__Task directions__
Among the lines below, copy exactly those from the one with "2025 Nissan Altima SR 2025 Nissan Altima SR" through the one with "Qsmarthome Q-Rotate Hengelampe 3 lyskilder", counting both ends.

__Given information__
——————
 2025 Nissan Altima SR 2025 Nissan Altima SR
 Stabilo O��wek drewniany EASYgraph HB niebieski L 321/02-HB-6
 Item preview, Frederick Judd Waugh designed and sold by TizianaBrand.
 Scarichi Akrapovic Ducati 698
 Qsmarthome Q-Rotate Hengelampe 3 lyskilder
——————
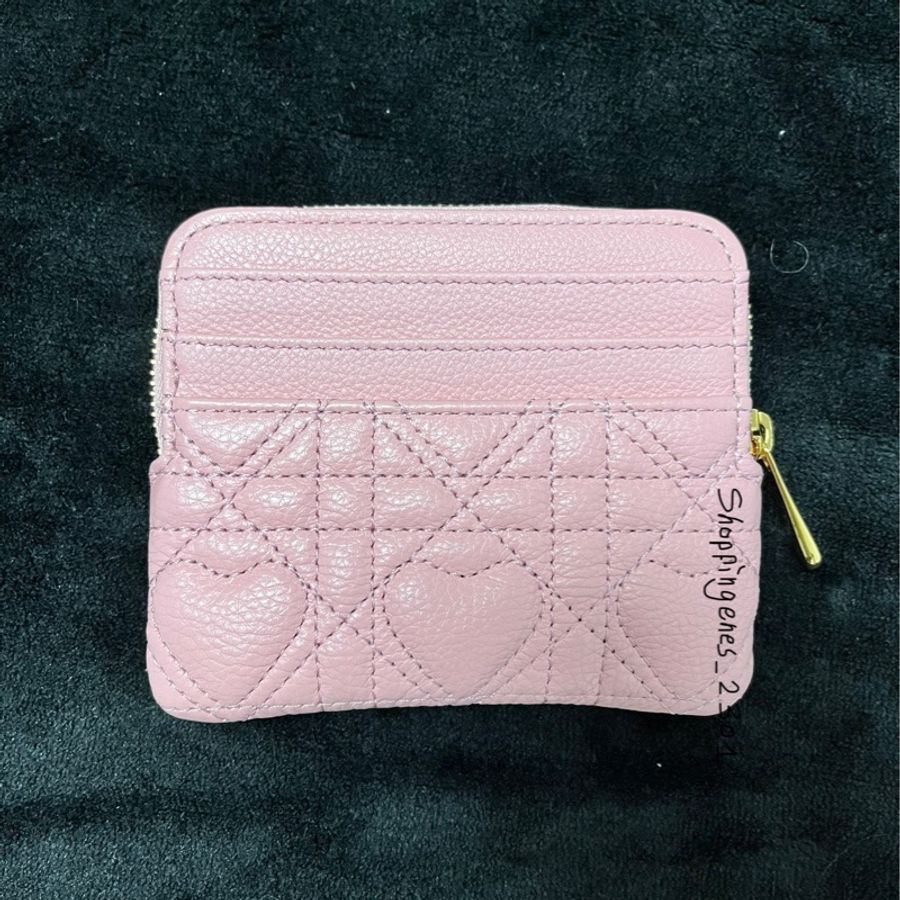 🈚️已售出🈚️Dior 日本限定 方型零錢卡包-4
——————
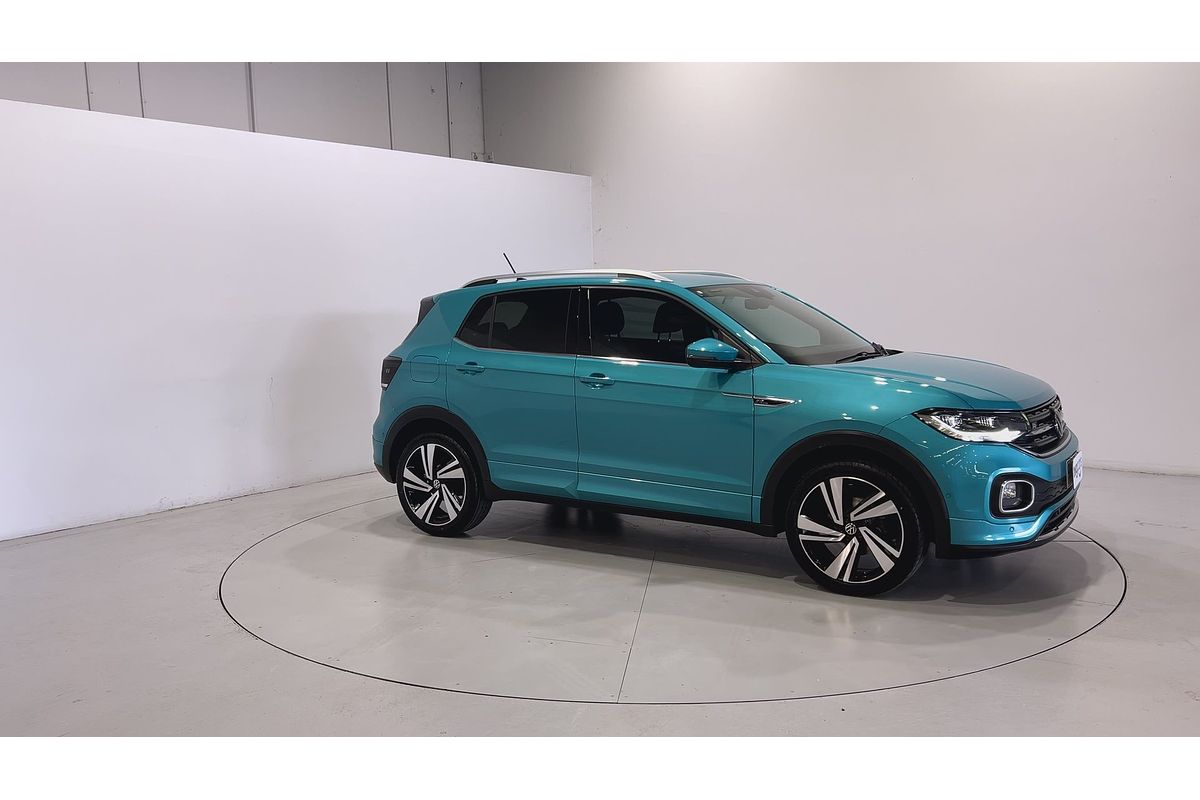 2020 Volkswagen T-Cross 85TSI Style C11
——————
__Written answer__
 2025 Nissan Altima SR 2025 Nissan Altima SR
 Stabilo O��wek drewniany EASYgraph HB niebieski L 321/02-HB-6
 Item preview, Frederick Judd Waugh designed and sold by TizianaBrand.
 Scarichi Akrapovic Ducati 698
 Qsmarthome Q-Rotate Hengelampe 3 lyskilder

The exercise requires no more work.